_Data shown:_
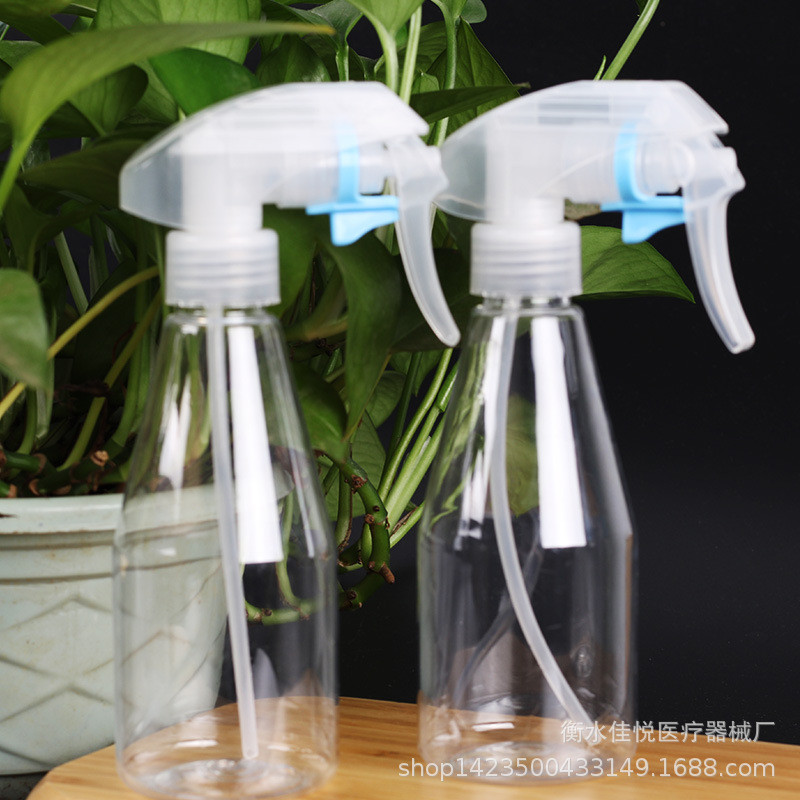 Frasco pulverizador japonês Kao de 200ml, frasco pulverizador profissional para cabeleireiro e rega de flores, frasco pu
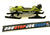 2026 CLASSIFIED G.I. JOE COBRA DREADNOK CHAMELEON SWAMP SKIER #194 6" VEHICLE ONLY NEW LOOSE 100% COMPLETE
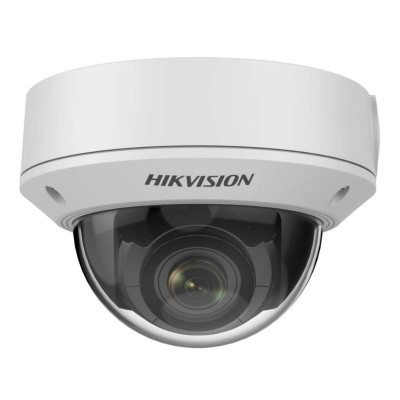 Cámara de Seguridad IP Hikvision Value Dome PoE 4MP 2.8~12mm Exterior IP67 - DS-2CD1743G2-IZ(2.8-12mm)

==

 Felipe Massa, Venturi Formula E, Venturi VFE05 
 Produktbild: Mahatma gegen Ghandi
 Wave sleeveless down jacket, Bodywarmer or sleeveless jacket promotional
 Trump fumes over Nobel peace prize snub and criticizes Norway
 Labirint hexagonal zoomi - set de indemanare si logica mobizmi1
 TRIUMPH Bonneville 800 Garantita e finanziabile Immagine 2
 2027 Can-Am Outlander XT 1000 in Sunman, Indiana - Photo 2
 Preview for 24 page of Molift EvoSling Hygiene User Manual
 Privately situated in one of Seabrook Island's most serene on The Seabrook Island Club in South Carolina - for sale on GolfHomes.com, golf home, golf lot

_Work to be completed:_ What you need to produce is an exact copy of the entries above, limited to the lines from the one with "Frasco pulverizador japonês" up to and including the one with "Cámara de Seguridad", without pictures.

_Answer to the exercise:_
 Frasco pulverizador japonês Kao de 200ml, frasco pulverizador profissional para cabeleireiro e rega de flores, frasco pu
 2026 CLASSIFIED G.I. JOE COBRA DREADNOK CHAMELEON SWAMP SKIER #194 6" VEHICLE ONLY NEW LOOSE 100% COMPLETE
 Cámara de Seguridad IP Hikvision Value Dome PoE 4MP 2.8~12mm Exterior IP67 - DS-2CD1743G2-IZ(2.8-12mm)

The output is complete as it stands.